Modbus RTU Reset, Memory Corruptions
Prior to patching, TBox software running on the RTU would assume any Modbus frames it receives are valid. A specially crafted Modbus packet crashes the main program.

Bypassing Global/Enhanced Protection
Researchers were also able to bypass Global/Enhanced protection features in TBox, which is intended to limit file access; to do so we were able to decrypt passwords from communication between the RTU and engineering software, as well as bypass protections using a configuration read.

Affected Products:

  • TBoxLT2 (all models)
  • TBox MS-CPU32
  • TBox MS-CPU32-S2
  • TBox MS-RM2 (all models)
  • TBox TG2 (all models)
  • All versions prior to TWinSoft 12.4 and prior to TBox Firmware 1.46

TWinSoft version 12.4 and TBox firmware version 1.46 mitigate these vulnerabilities.

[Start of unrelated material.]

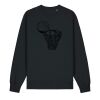 Unisex Changer 2.0 iconic crew neck sweatshirt (STSU178) Thumbnail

CISA also recommends minimizing the exposure of these devices to the internet, isolating control system networks and devices from business networks, and using VPNs for remote access.

CVE Information

  • CVE-2021-22646
    CWE-94 Improper Control of Generation of Code (Code Injection)
    CVSS v3 Score: 8.8
    This vulnerability and CVE-2021-22648 were the most severe among the vulnerabilities uncovered by Claroty researchers. With CVE-2021-22646, an attacker can exploit an ipk package update generated in TwinSoft engineering software to run malicious code in TBox.
  • CVE-2021-22648
    CWE-732 Incorrect Permission Assignment for Critical Resource
    CVSS v3 Score: 8.8
    This vulnerability was found in the TBox proprietary Modbus file access functions that allow an attacker to read, alter, or delete a configuration file.
  • CVE-2021-22642
    Uncontrolled Resource Consumption CWE-400
    CVSS v3 Score: 7.5

    A specially crafted Modbus frame can be used to crash a TBox system.
  • CVE-2021-22640
    Insufficiently Protected Credentials CWE-522
    CVSS v3 Score: 7.5
    An attacker can decrypt the login password by communication capture and brute force attacks.
  • CVE-2021-22644
    Use of Hard-Coded Cryptographic Key CWE-321
    CVSS v3 Score: 7.5
    TWinSoft uses a custom hardcoded user and cryptographic hardcoded key.